За ночь каждый летчик делал по десять — двенадцать вылетов. Командир батальона аэродромного обслуживания неоднократно «жаловался», что не может напастись на 707-й полк авиационных бомб. И ему можно было посочувствовать. Ведь только за ночь полк сбрасывал на головы врага иногда до шестидесяти тонн бомб. Кроме этого, надо было в условиях зимнего бездорожья подвезти горючее, масло, продовольствие и т. п. Батальону приходилось очень и очень трудно.
Не легче было и летчикам. Холодно было на земле, а в воздухе — еще холоднее. Многие, чтобы не обморозить лицо, стали отпускать усы и бороду, отчего выглядели много старше, чем на самом деле.

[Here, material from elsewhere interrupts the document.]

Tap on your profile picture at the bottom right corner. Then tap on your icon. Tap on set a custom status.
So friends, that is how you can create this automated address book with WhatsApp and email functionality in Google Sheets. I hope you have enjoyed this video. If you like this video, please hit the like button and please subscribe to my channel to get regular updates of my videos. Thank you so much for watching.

Неунывающие Скочеляс, Орлов, Анчушкин, Рубан старались не поддаваться холоду, находили время побриться на скорую руку, а Анчушкин, показывая на свою бритую голову, уверял, что следует закаляться и тогда можно одолеть любой мороз. Супонин в коротенькие перерывы между сном и боевой работой, чаще всего во время обеда, уморительно разыгрывал шолоховского деда Щукаря. Слушая его, летчики и техники давились от смеха, и от этого казалось теплее под гимнастерками и веселее на сердце.
С воодушевлением мы докладывали Воеводину и Сувиду о нашей работе с артиллеристами.
Внимательно выслушав нас, Воеводин поставил задачу: продолжать работу над совершенствованием ночной корректировки.
Решив все вопросы, напутствуемые добрыми пожеланиями командования и друзей, мы снова улетели к артиллеристам.
Полуокруженные в районе Демянска немецко-фашистские войска снабжались по узкоколейке, проходившей вдоль «рамушевского коридора». Конечная станция узкоколейки находилась на восточном берегу реки Пола. Наша разведка установила, что здесь расположены склады боеприпасов, продовольствия и горючего. И мы получили приказ скорректировать огонь артиллерии по этой цели.